Monday, May 7, 2012

"Finding Your Roots" - Margaret Cho, Sanjay Gupta, and Martha Stewart

Yes, I know I'm behind on posts for Who Do You Think You Are (and I really do intend to catch up, but I've been in training since February 27, which has played hell with my schedule).  And I know that this was the eighth episode of Finding Your Roots, and I haven't commented on any of the earlier ones.  So why am I jumping into the middle like this?

This episode of Finding Your Roots touched me in a very unexpected way.  The focus was on experiences of first- and second-generation Americans.  One of the aspects discussed was how these children born in America have felt cut off from much of their family histories.  One thing in particular that was mentioned was the belief that no records existed that could help them learn more about earlier generations of their families.

My stepsons' grandfather, Karm, was from Khatkar Kalan, Punjab, India.  Along with researching the rest of their family on both sides, I have tried to research Karm's family in India.  One thing I was quickly told by many people, both native-born Indians and people married to Indians, was that there simply aren't records for natives from the period during which India was ruled by Great Britain.  The British barely did any record-keeping for their own people; they totally ignored records on natives.

The only thing close to "records" I had heard of previously were for Hindu families.  When someone in the family died, you went down to the river and spoke to the man who was your family "chronicler" about the death.  He would then remember it and add it to the history of your family, but it was all oral.  He passed on the oral history to his son, who became the new "chronicler."  I even spoke with a professor who was born in Rajasthan about this lack of documentation.  He went back to India years later to try to find some record of his own birth.  Even with the resources available to him at that time, he found absolutely nothing.  He learned that his brother had arbitrarily chosen a birthday for him.

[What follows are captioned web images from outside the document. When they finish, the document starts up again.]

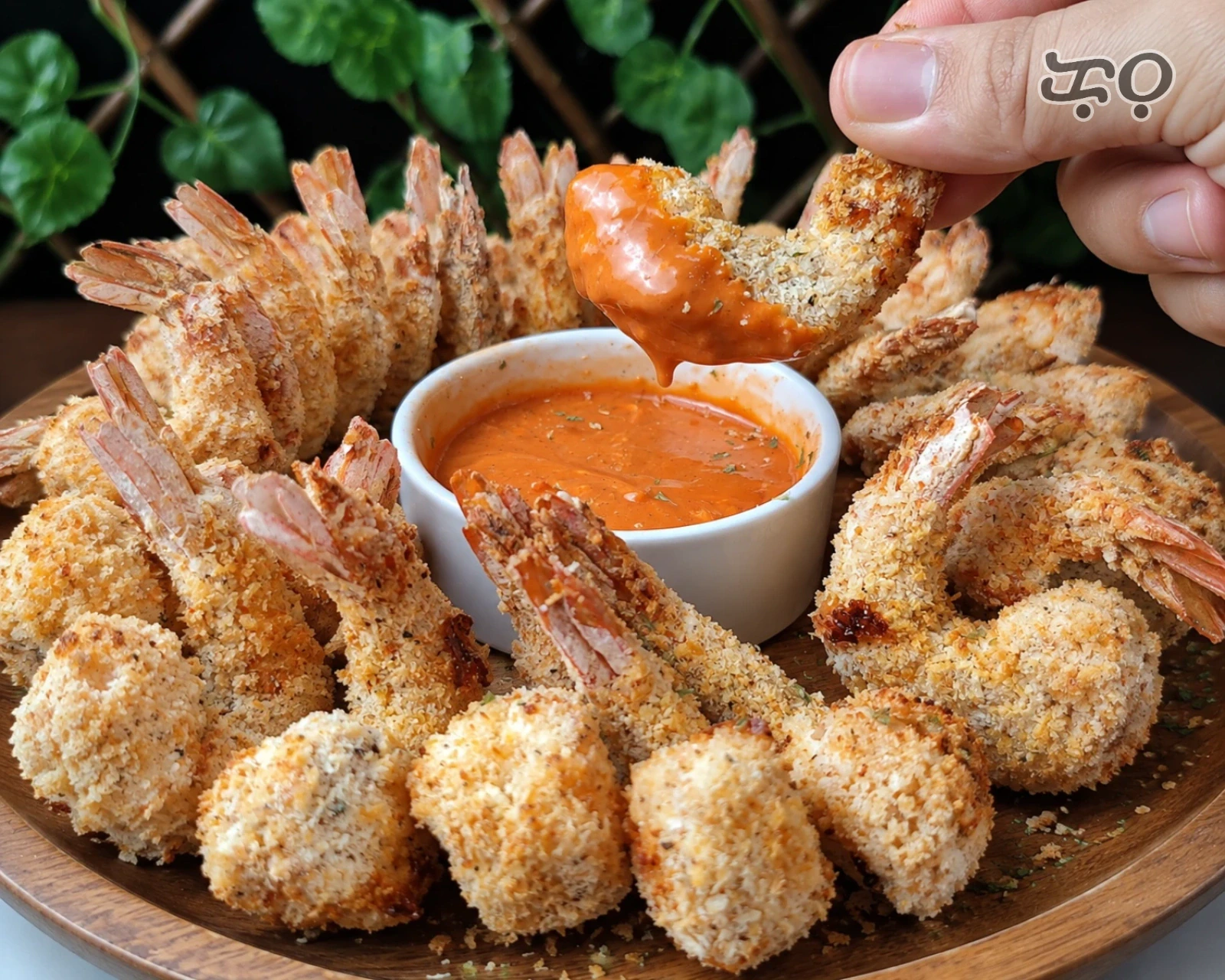 Air Fryer Crispy Cajun Shrimp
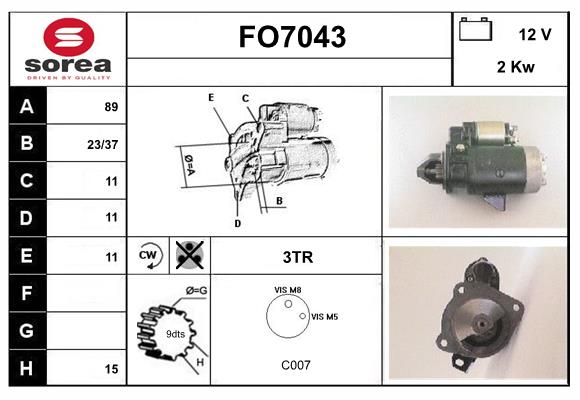FO7043
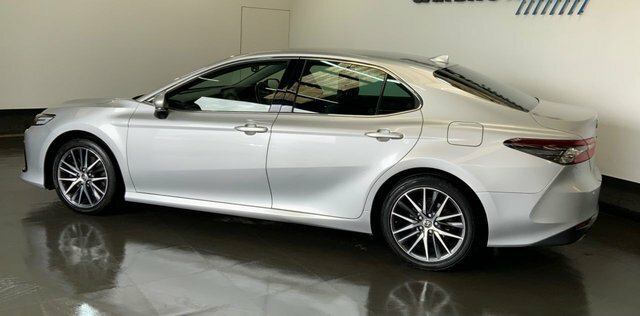 Toyota Camry 2.5 Vvt-i Hybrid Excel Cvt Silver #8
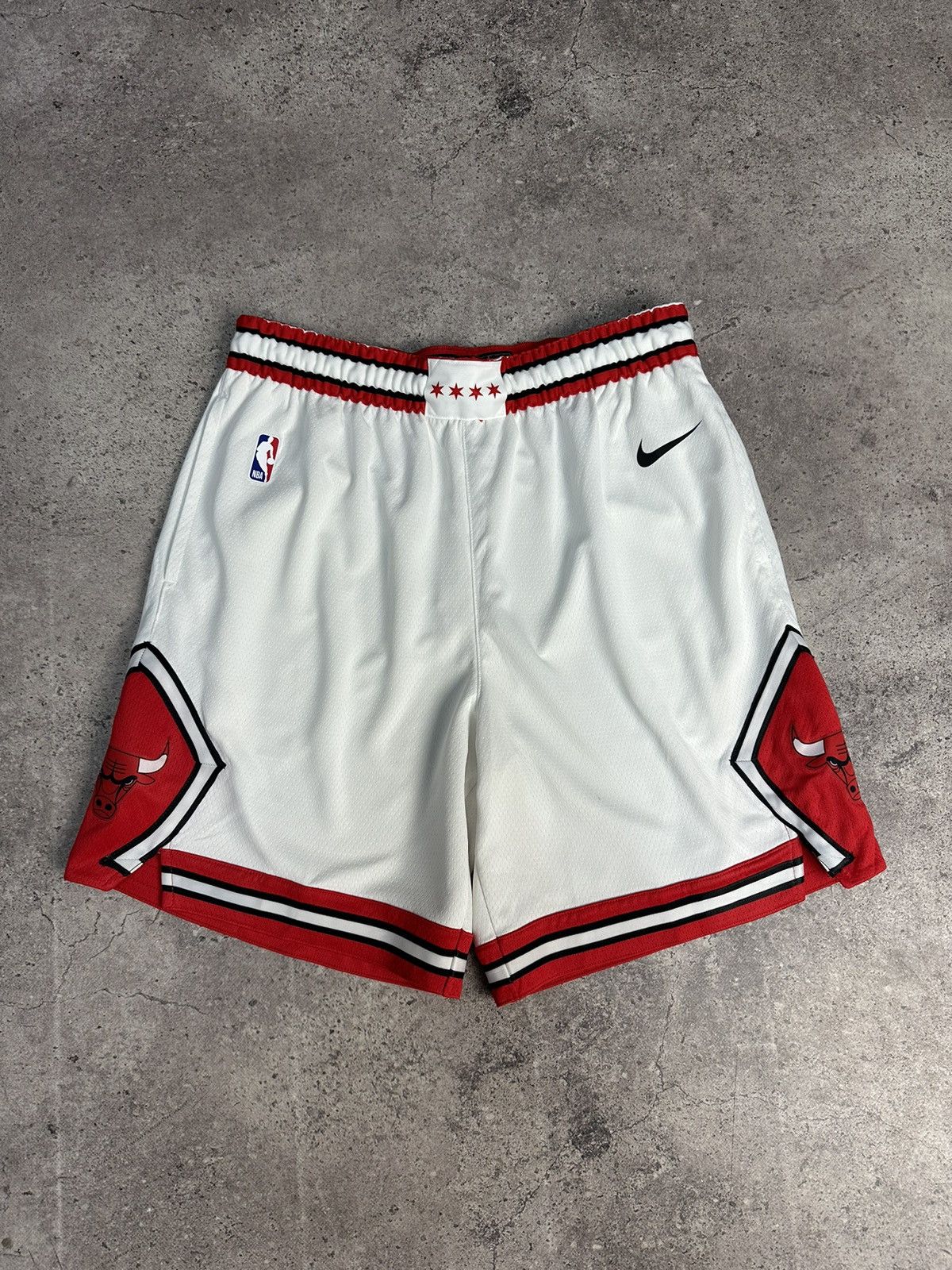 Vintage Nike Chicago Bulls NBA Shorts Association Edition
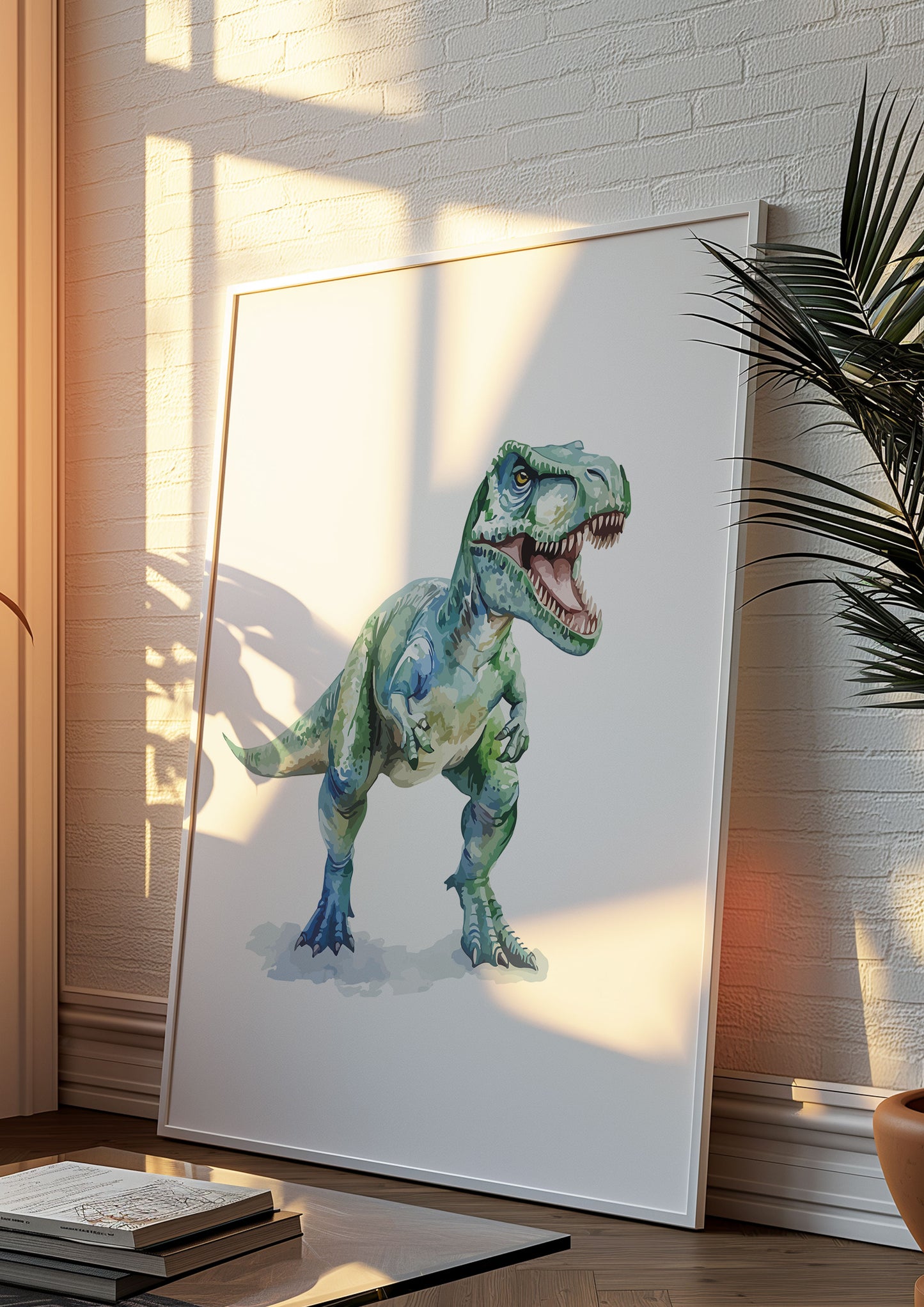 Set of 3 Dinosaur Posters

But the researchers for Finding Your Roots found something!  Apparently not all the family histories are oral only.  Two brothers are responsible for Gupta's family chronicle.  The records are only for the men in the family, but they are written and they go back eight generations.  When I saw the book I was in tears.

Karm was Sikh, not Hindu.  I have no idea if similar books might exist for Sikh families.  But just learning that written records from before Partition exist for any native Indians gives me hope.  Karm's family is said to have been prominent (Karm's grandfather was supposed to have been the last "headman" of the village before the British took over).  Important families in other cultures are more likely to leave records documenting their history; why not in Punjab?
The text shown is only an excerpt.